Strawberry flowers have male and female structures – they are hermaphroditic – and most varieties can self-pollinate: wind, rain and gravity take care of that. It may sound like the plant has its reproduction requirements sorted out, but that’s not so. The stigmas (the parts that receive the pollen) are usually ready before the anthers (the parts that produce the pollen), so that a plant may need to cross-pollinate with neighbours. But that’s the least of its difficulties.
A large strawberry fruit holds about 200 achenes, and each one of them contains an ovule. Most of them must be fertilised so that the tissue around the achenes develops fully to form the enlarged receptacle. Unfertilized ovules do not stimulate tissue growth, and if there are too many of them, the result is a misshapen strawberry. These malformed fruits are perfectly healthy and edible but have little commercial value.
The large number of ovules requiring pollination is a challenge because wind, rain and gravity take care of 60 to 70% of them. The rest must be done by bees and other insects. So, a fully formed, marketable strawberry is the result of autogamy (self-pollination) and allogamy (cross-fertilization) where insects are the vectors. But insects do much more to a strawberry than just pollinate it.
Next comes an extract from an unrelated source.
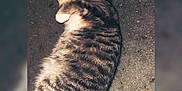 Ollie is registered to the contest to win money with this photo: animal, blurred_border, cat, close_up, concrete, ears, fluffy, grimy_floor, lying_down, night_photography, outdoor, paw, pet, relaxed, sleeping, striped_fur, tabby_cat, tail, urban, whiskers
Fertilised achenes produce auxins and gibberellic acids, plant hormones that stimulate growth and thus are responsible for increasing the fruit’s size and weight. But these hormones also slow down the process of tissue-softening, so the fruit is firm for longer. This delay increases shelf life, which is hugely important for strawberry commercialisation: more than 90% of the harvested fruits can become non-marketable after four days in storage because of excessive softness, which induces fungal infections and mechanical injuries (Klatt et al., 2014). About one-third of the global food produced for human consumption is wasted during handling, transport and storage (Gustavsson et al., 2011); by increasing the number of pollinated achenes, insects do their bit to reduce these losses.
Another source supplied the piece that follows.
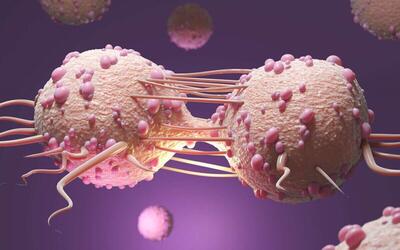 اثر افزایش بیان ریز آر ان‌ای ۹ در مهار تومور زایی سلول‌های بنیادی ملانوما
There’s a considerable range of strawberry varieties grown under different agronomic practices, but overall, Gudowska et al. (2024) estimated that insects contribute to 25% of fruit weight, a benefit worth US$ 5.4 billion per year to the producers worldwide. This ecological service is often attributed to the European honey bee (Apis mellifera), but bumble bees, honey bee-mimicking drone flies (Eristalis spp.) and the green bottle fly (Lucilia sericata) are among the most efficient pollinators of strawberry. And some other visitors could be even better: in Canada, MacInnis & Forrest (2019) observed that flower visitation by Augochlorella spp. and Lasioglossum spp. sweat bees resulted in fruits ~40% heavier when compared to flowers visited by honey bees. Here, insect sizes made all the difference: the relatively small sweat bees (5–7 mm in length) forage for pollen and nectar without disturbing the anthers, whereas the larger honey bees (>10 mm), which are after nectar only, often bend the anthers towards the stigmas. By doing so, honey bees may accidentally promote self-pollination, which may reduce fruit set when compared to cross pollination.
The garden strawberry is a case study of the role of pollination for crop production. It’s not an indispensable service in most cases, but without it, yields, produce quality and revenue can suffer significantly. A bowl of strawberries would not be as tasty, visually appealing or affordable without insects.